The SEC Didn't Ban Oversigning, But It Did Make Progress

It's important to keep the oversigning rules approved by the SEC in Destin today in perspective. After all, it would be easy for either side to go overboard in responding to the "roster management" proposals and what they mean.

The SEC did not ban oversigning today. It banned a particular part of oversigning, and if we're going to have an honest debate about roster management practices -- and what they mean for the conference and the sport -- it's important to recognize that.

There are two ways a team can oversign. The first one, addressed by the conference rules today, is to sign more than 25 players to letters of intent in a given year. The roster is eventually culled through academic casualties, grayshirting, etc., until the number magically lands at 25 by the time everyone is enrolled.

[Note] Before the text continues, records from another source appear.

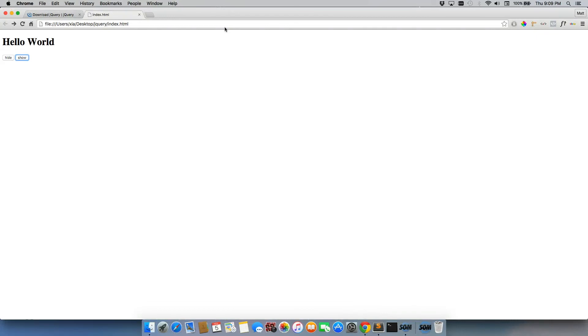We go back, we'll refresh. And it's working now all with one button.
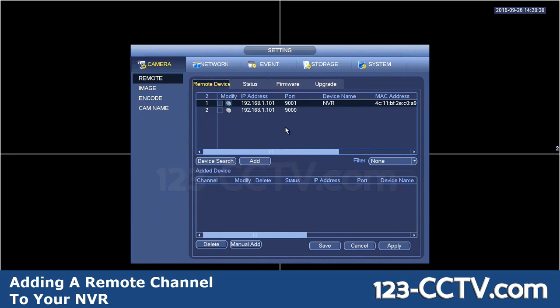As long as this NVR that you're looking at is connected to the same network as the DVR or NVR from where you want to pull channels, it'll populate here. We suggest against simply clicking on the checkbox and adding cameras, because it will cause some confusion for the NVR.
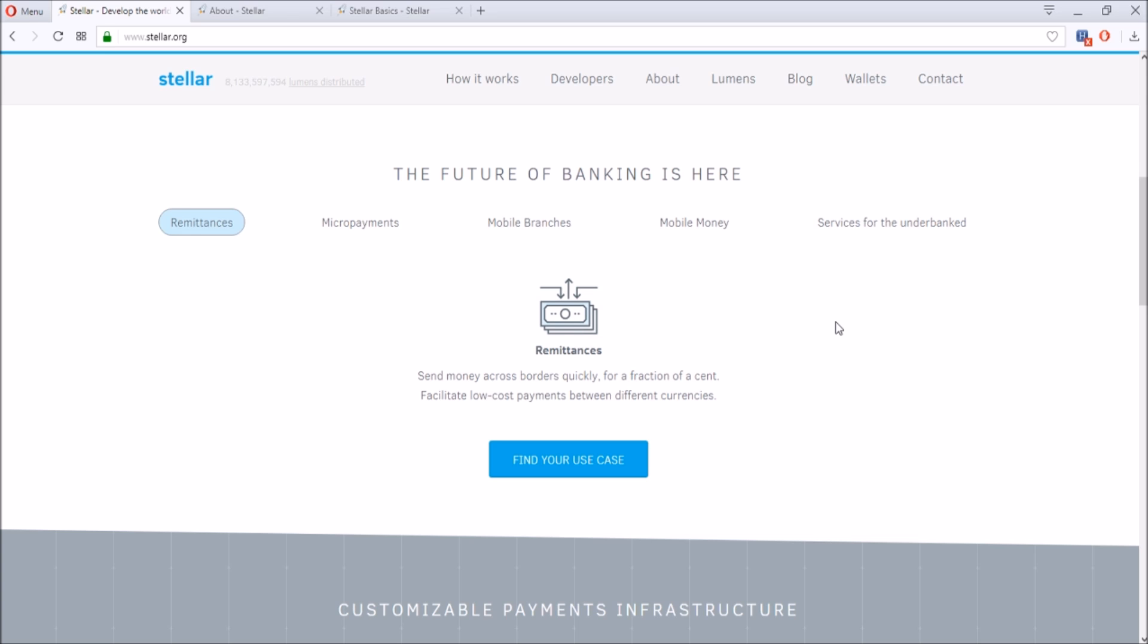A couple of things that Stellar aims to solve is remittances, so sending money across borders quickly for a fraction of a cent. For underdeveloped countries, it's really hard to send low payments across these countries. Let's say you're in the US and you want to send some money to Nigeria. If you want to send just $5 to Nigeria, the fee is going to be probably ten to fifteen dollars, so you won't be able to send small money through traditional means.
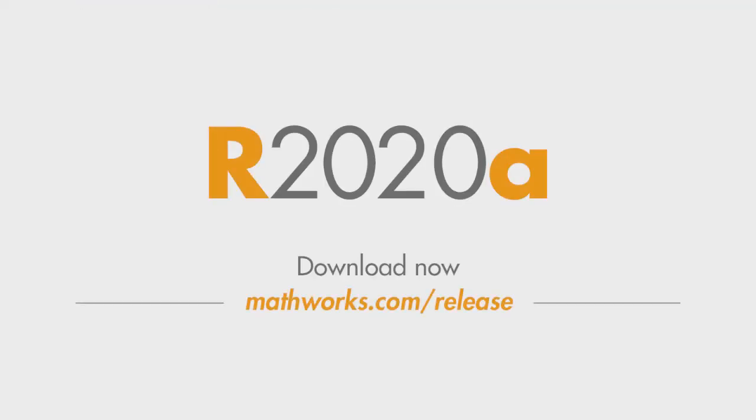There's plenty more in this latest release. To find out what else is new, go to mathworks.com and download 20A now.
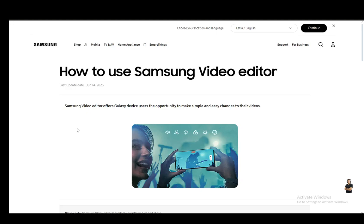Hey everybody, what's going on? I hope you guys are all doing well and welcome to another tutorial video. In this video I'll be explaining how you can add music to your videos in the Samsung video editor, so let's get right into it.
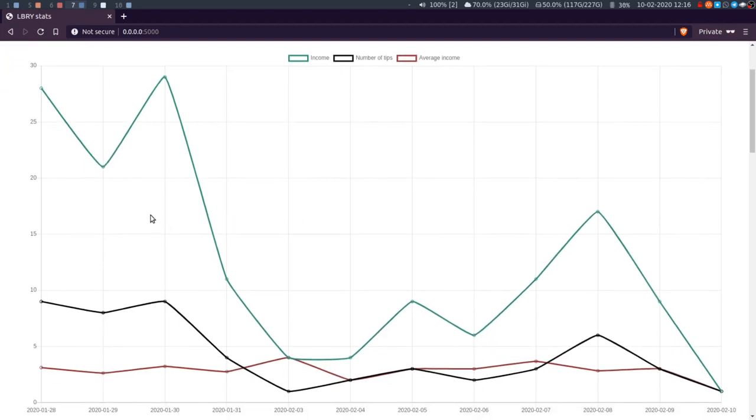So I've done a graph that breaks it down by day. Just over the past, I mean, this is the entirety of when I've been uploading content.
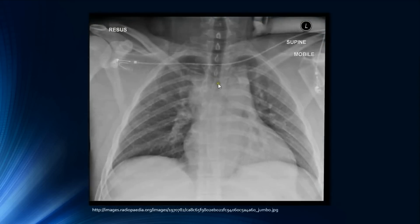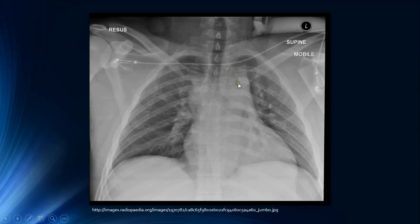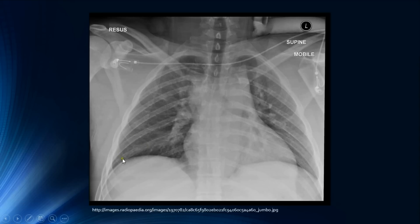Now let's look at the AP projection radiograph seen previously. This chest radiograph is also rotated — you can see the clavicular heads are not equidistant from the spinous processes. The spinous process is much closer to the right side than the left, meaning the patient is rotated, which can give false enlargement of the heart size and false consolidation. Additionally, this patient has not achieved adequate inspiration, as the sixth rib is not intersecting the mid-clavicular line at the diaphragm.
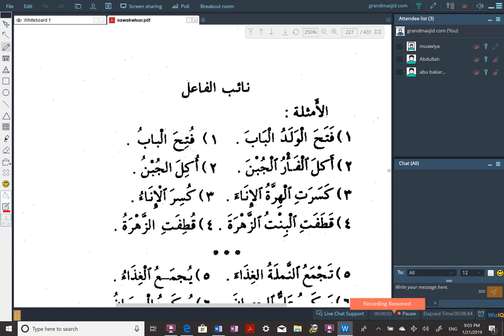Was salatu was salam ala rasulillah wa ala alihi wa ashabihi wa man wala. Amma ba'du.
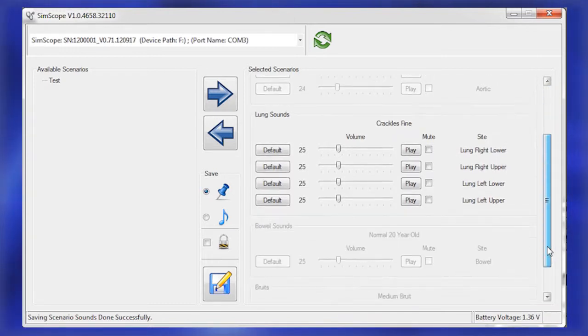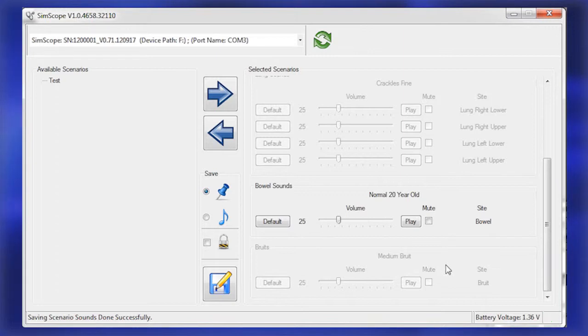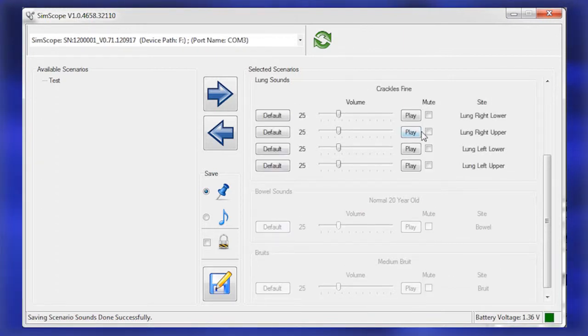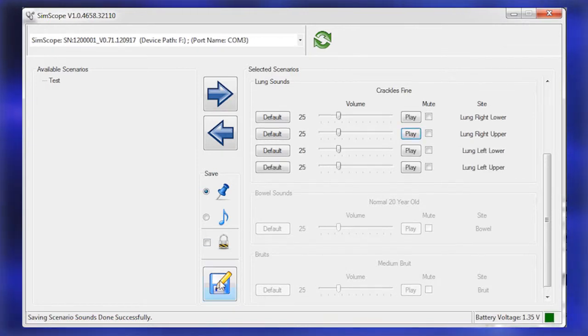Repeat the process for other sound groups. Save the new scenarios and volume defaults to the SimScope by clicking the disk icon.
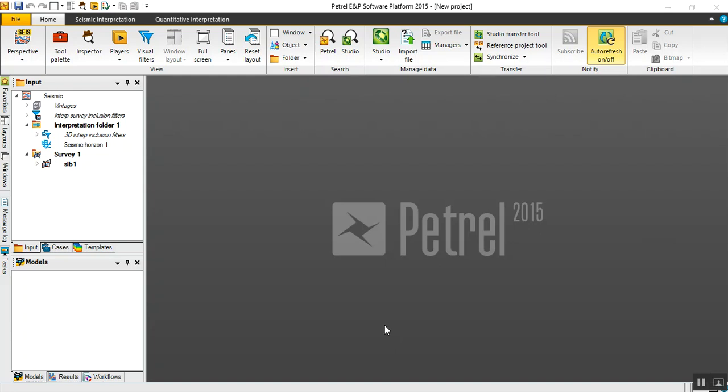Hello everybody and welcome to our complimentary tutorial. In the last video we discussed two different methods for seismic 2D interpretation using Petrel.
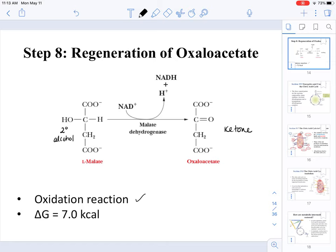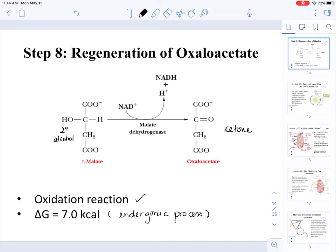The last step of the TCA cycle is actually an endergonic process. You may ask how this endergonic process can proceed. Many steps preceding step eight are exergonic, so the TCA cycle demonstrates the pairing used in biological systems where endergonic processes proceed because they are preceded by exergonic processes. The pathway itself generates the energy needed for these reactions.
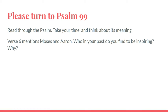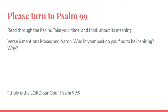In verse 6, the psalmist mentions Moses and Aaron, key figures from the past of the Jewish people. Who in your past do you find to be inspiring, and why? Holy is the Lord our God.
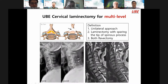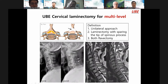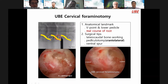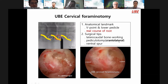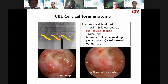This UBE is cervical polo-aminotomy. The anatomy landmark is the viewpoint — the low pedicle is important. The real course of the root is important. I always emphasize the craniolateral border of the lower pedicle. Pediclotomy is important. After removing the upper border of the hemi-laminotomy and the bone spur, decompression is achieved.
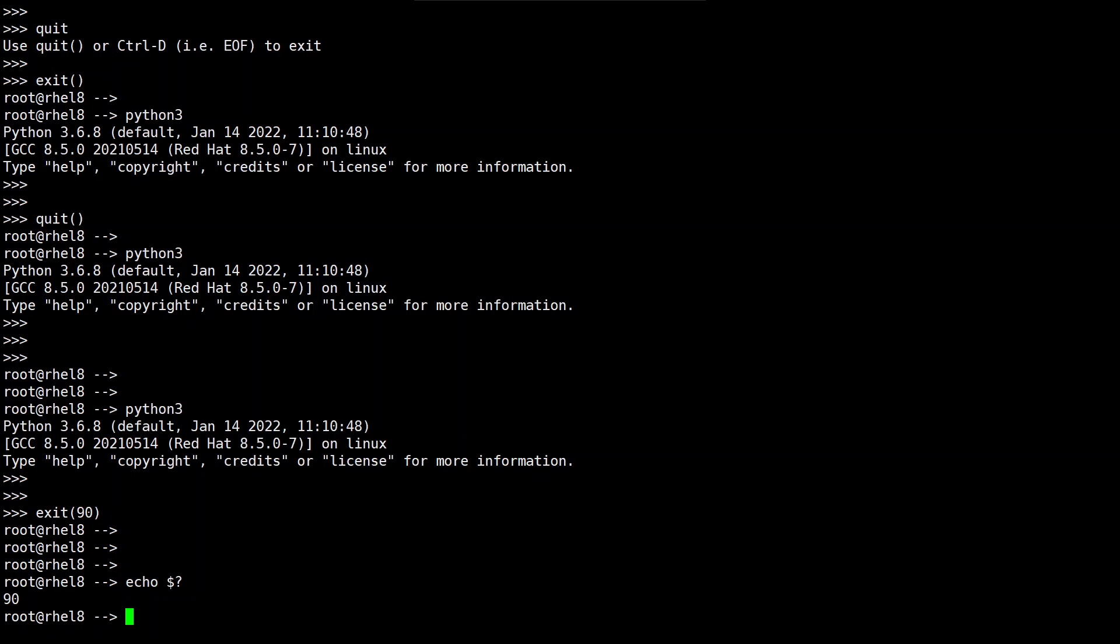These are the three methods that is quit, ctrl D and the exit function are used for exiting the python interpreter in the Linux VM.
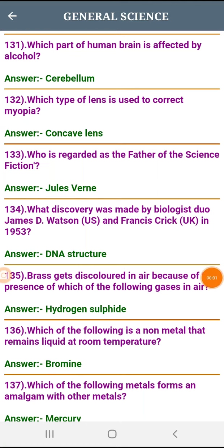Bismillah ar-Rahman ar-Rahim. Assalamu alaikum friends, channel ko subscribe kare and saath hi bell icon ko press kare taki mere video aap ko waqtan milte rai. Let's get started. Which part of human brain is affected by alcohol?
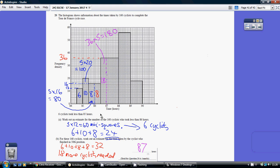Similarly, up to 86 hours I'm taking just this rectangle up to here — just this blue bit. That's 5 along and 16 up, giving 80 mini squares. Divide by 10, that's 8 cyclists. So the total number of cyclists is 6 plus 10 plus 8, equaling 24.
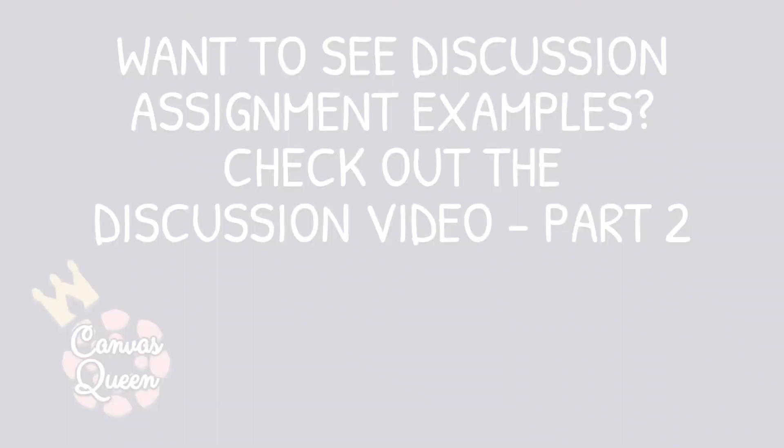All right guys, well thank you so much for watching this video, the first part on how to create a discussion. I hope you enjoyed it. If you have any questions feel free to leave a comment below. I would love it if you liked and subscribed to my channel. So if I don't see you in the next one, have a wonderful day. See ya, bye!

But the other method for oversigning -- which the SEC only partially addressed today -- comes from a quirk in the NCAA rules. Schools are only allowed to have 85 players on football scholarships at any one time, despite the annual limit of 25. Even journalism majors can probably figure out the inherent math problem here: 4 X 25 = 100. (And that doesn't account for redshirting players.) So if a school has all 85 players, loses 15 in a given year and then signs 25, they've got ten students too many (85 - 15 + 25 = 95) and somebody's got to go.

The only change that really addresses that is the conference oversight of medical scholarships, since those hardship exemptions have become one popular way of removing players whose injuries might not be all that serious from the roster. But that only addresses one way of making room; it doesn't solve the problem as long as students can be "encouraged" to transfer, or would-be freshman can still face all the oversigning tools we've mentioned above.

That problem is not going to be fixed at the SEC level; it can't be fixed until the NCAA finds some way to bring its rules in line with basic mathematics. One way to fix that is to set a hard cap on the number of scholarships and signed letters of intent at 85 and do away with the annual limit altogether. (This would also allow some schools to make up ground for losing players to academic casualties or other problems if 25 isn't enough to fill the roster.)

Despite the bad reputation the SEC has when it comes to oversigning, it is not a problem confined to this league. And it will not be a problem that one conference can solve by signing a few regulations.

That said, the proposals approved today make the process more fair for student-athletes and more fair for each team in the conference. The full NCAA should follow suit.

And then it should finally fix the problem. The whole problem.